Copy the listing that follows exactly. Its pictures do not belong in the copy.

START DATA SECTION

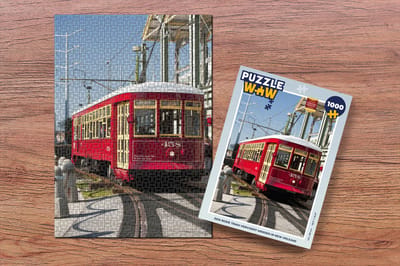 Puzzel Een rode tram vervoert mensen in New Orleans - Legpuzzel - Puzzel 1000 stukjes volwassenen
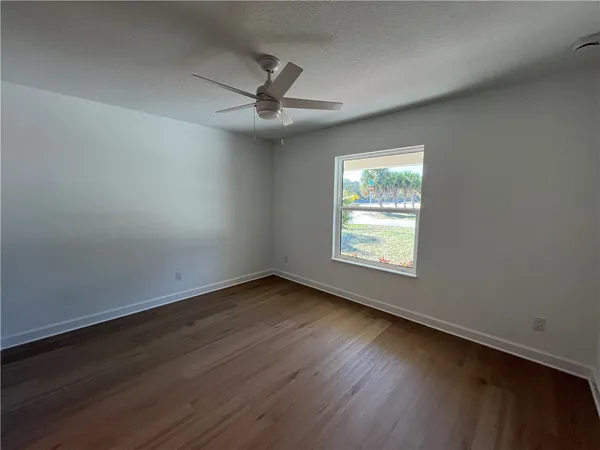 an empty room with wooden floor fan and windows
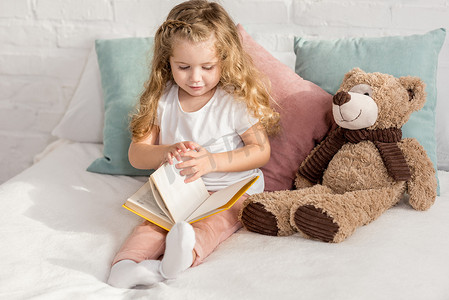 可爱的孩子玩泰迪熊和阅读书籍在床上的儿童房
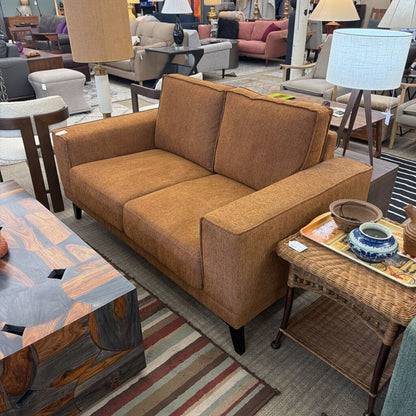 Brown sofa in a furniture store with various other items around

END DATA SECTION

* ANSWER BOX:
 Puzzel Een rode tram vervoert mensen in New Orleans - Legpuzzel - Puzzel 1000 stukjes volwassenen
 an empty room with wooden floor fan and windows
 可爱的孩子玩泰迪熊和阅读书籍在床上的儿童房
 Brown sofa in a furniture store with various other items around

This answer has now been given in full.